En vue des élections du 9 juin prochain, nous invitons Rik Torfs, professeur honoraire de droit canon à la K.U. L, ancien recteur, sénateur honoraire CDV, auteur de nombreuses publications et livres. Son livre sur le Vatican vient de paraître aux éditions Lanoo (2024). Rik Torfs est campinois d'origine. Il habite le Brabant wallon et est très présent dans les médias flamands et francophones. Il donne beaucoup de conférences en Flandre et accepte de parler avec tout le monde, quelles que soient les idées de ses interlocuteurs.
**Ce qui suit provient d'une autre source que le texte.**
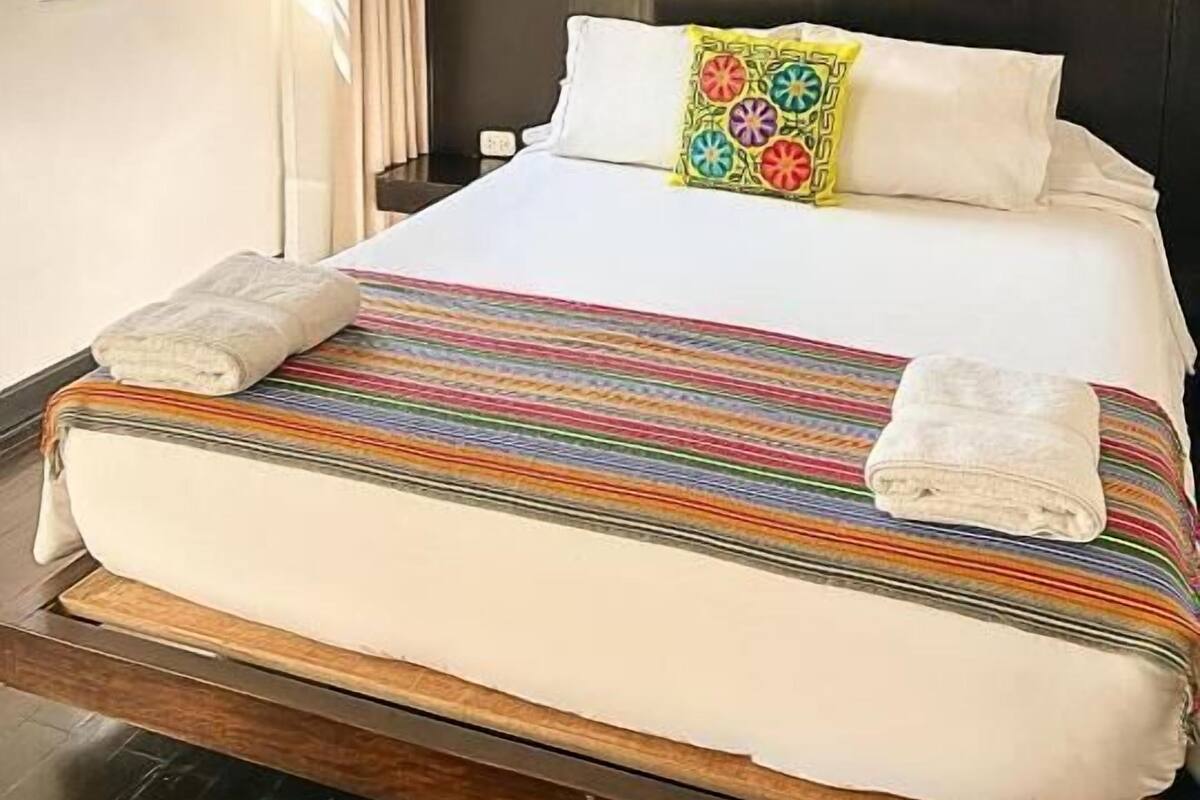 A hotel room with a bed, a window with curtains, and a teal accent wall.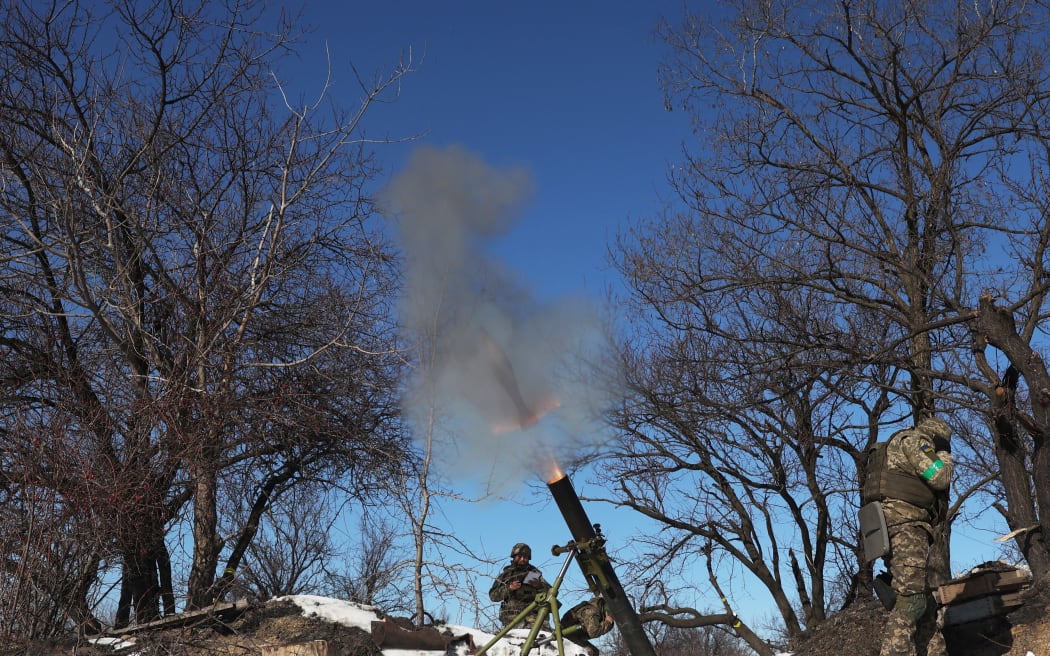 Ukrainian servicemen fire a mortar toward the Russian position on a frontline not far from Bakhmut in Donetsk region.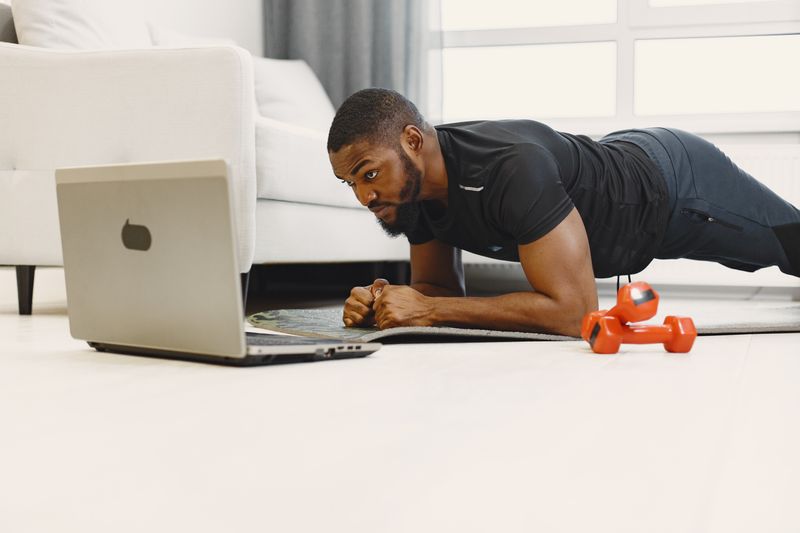 Homme en position de planche à la maison, suivant une séance sur son ordinateur portable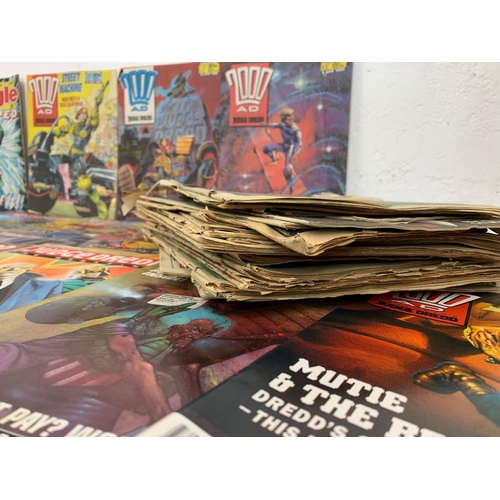 59 - A large collection of vintage comic books. 2000 AD Judge Dredd.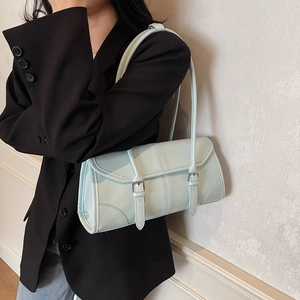 Minimalist light blue baguette shoulder bag with stylish straps and textured stitching
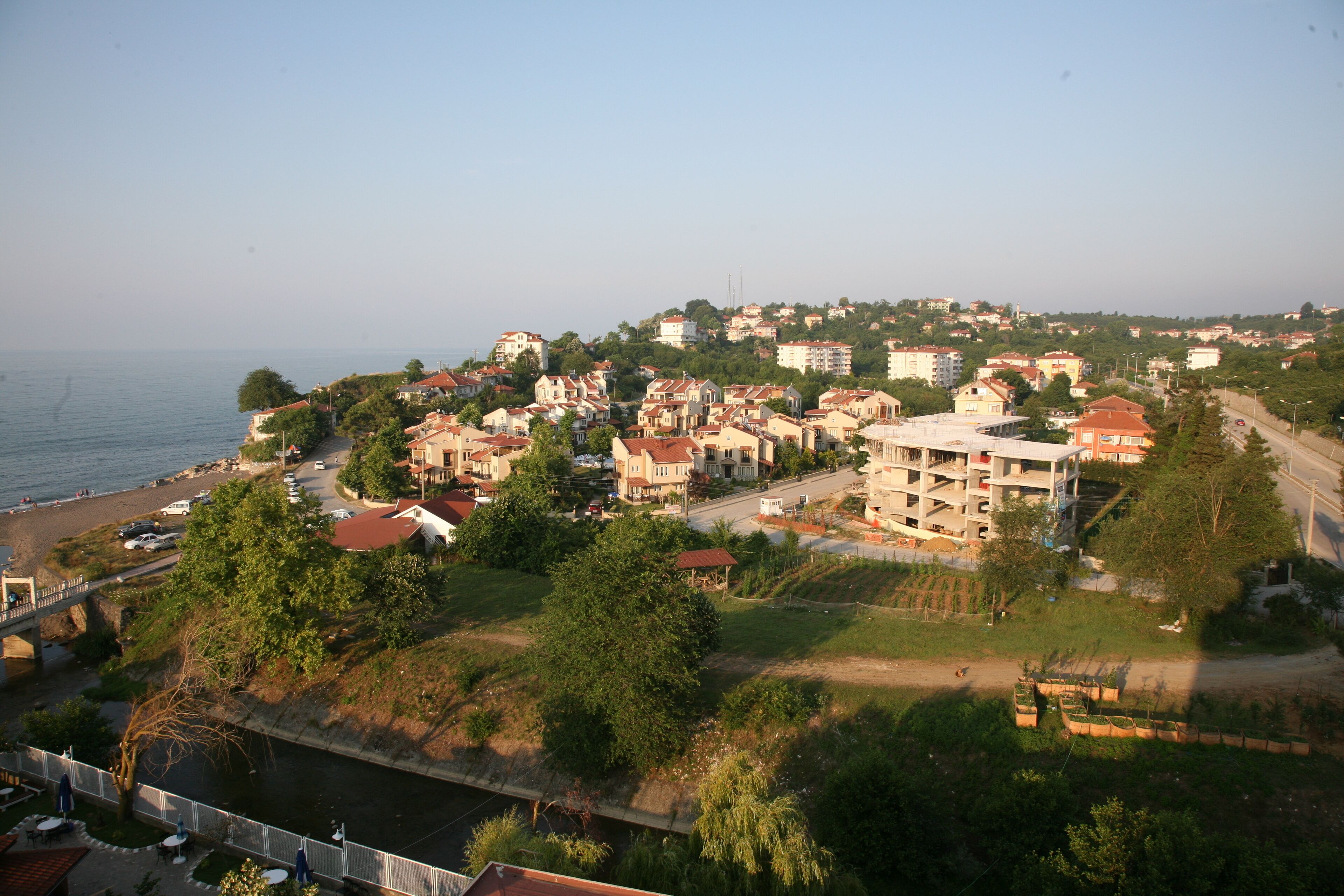 Une ville côtière où se côtoient des immeubles d’habitation, dont certains sont surmontés de toits rouges, et un pont bien visible qui la relie à la terre ferme.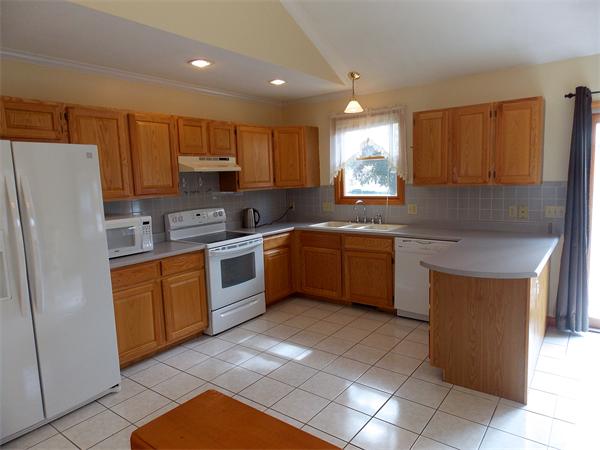 22 Dunbar Street Springfield, MA 01118 - Photo 5 of 21 a kitchen with a sink a refrigerator and cabinets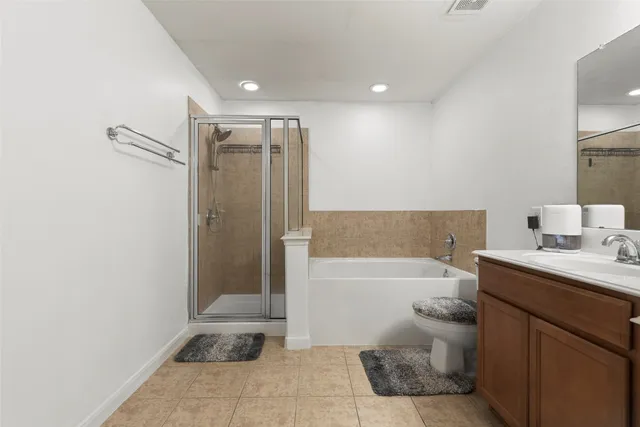 a bathroom with a bathtub shower sink mirror and toilet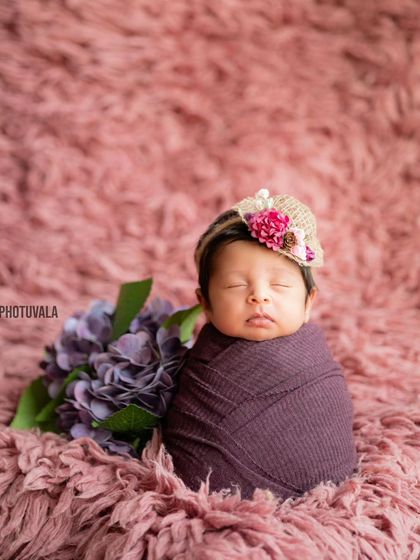 A sweet little newborn in a charming hat, nestled on a soft pink rug. The textures and colors come together to create a lovely portrait.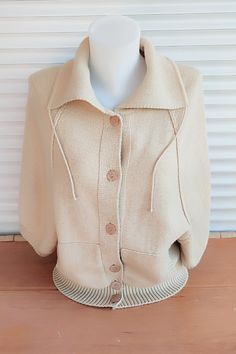 Vintage beige cardigan. Wool sweater .Pullover women's knitwear. Beige jacket with buttons, two pockets, high collar. Raglan sleeve 3/4 length. Back length - 20,47" or 52 cm. Distance from armhole to armhole -  18,89" or 48 cm. Good vintage condition. Care instructions: hand wash in cold water with mild soap, lay flat to dry.                                                                                                                                  Ready to ship. Beige Button-up Cardigan With Pockets, Cream Button-up Winter Sweater, Cream Sweater Coat With Button Closure And Long Sleeves, Cream Sweater Coat With Button Closure, Collared Winter Sweater With Pockets, Cream Button-up Winter Top, Cream Sweater With Button Closure For Winter, Beige Button-up Fall Sweater, Cream Long Sleeve Sweater Coat With Buttons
Le sujet de notre émission vise à mieux comprendre la mentalité des Flamands et les raisons de leurs choix politiques. Nous sommes en effet perplexes devant la forte progression du Vlaams Belang, parti d'extrême droite qui recueille près de 30 pour cent des voix selon le dernier sondage. Nous demandons à notre invité de résumer rapidement l'histoire de la Flandre. Voici ce qu'il nous dit : « La Belgique est une construction internationale. Les frontières des pays se font et se défont. La carte de l'Europe évolue, voyez l'exemple de la Tchécoslovaquie.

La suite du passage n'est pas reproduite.